Short definition
A mixer faucet is any faucet that combines hot and cold water inside the body and delivers them through a single spout. In British English it’s called a mixer tap. In US homes it’s just “the faucet” — virtually every modern kitchen and bath faucet qualifies. The opposite is two separate pillar taps, each delivering one temperature (rare in modern US homes).
What it is
Inside the mixer body, hot and cold supplies meet at a control mechanism — a cartridge, a ball, two ceramic discs, or a pair of compression stems — that proportions them based on handle position. The blended water exits the spout. The same principle covers single-handle and two-handle designs as long as both temperatures share one spout.
In the UK, plumbers distinguish two sub-types: bi-flow mixers (hot and cold ride separate channels until they meet at the spout exit, used where a vented hot-water cylinder feeds at lower pressure than mains cold) and true mixers (full mixing inside the body, requiring equal-pressure feeds). In the US, all residential mixer faucets assume balanced supply pressure, so the distinction rarely matters.

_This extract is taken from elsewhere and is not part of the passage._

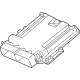 Ford LC3Z-12A650-AANP ECM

Why it matters to a homeowner
The term is most useful as vocabulary clarity when reading mixed UK and US plumbing literature, or when shopping internationally. If a product page calls something a “mixer tap,” it’s a regular faucet.
The one place the distinction matters in the US: a faucet that connects two water sources — say, a tankless heater and a recirculating loop — needs check valves to prevent cross-feed, where pressure differential pushes hot back into the cold trunk or vice versa. Most off-the-shelf mixer faucets have this protection built in; oddball multi-source plumbing situations may need it added.
Common variants and what it isn’t
- Mixer faucet vs. two pillar taps. Pillar taps are separate hot and cold faucets each with their own spout. Common in pre-1960s UK and very old US installations.
- Mixer faucet vs. mixer valve. Mixer faucet is deck-mounted on a sink. Mixer valve is in-wall, behind a tub or shower. Same principle, different mounting.
- Mixer faucet vs. tempering valve. A tempering valve is a mechanical pre-mixer at the water-heater outlet (ASSE 1017) — it conditions water before it reaches the faucet, not at the faucet itself.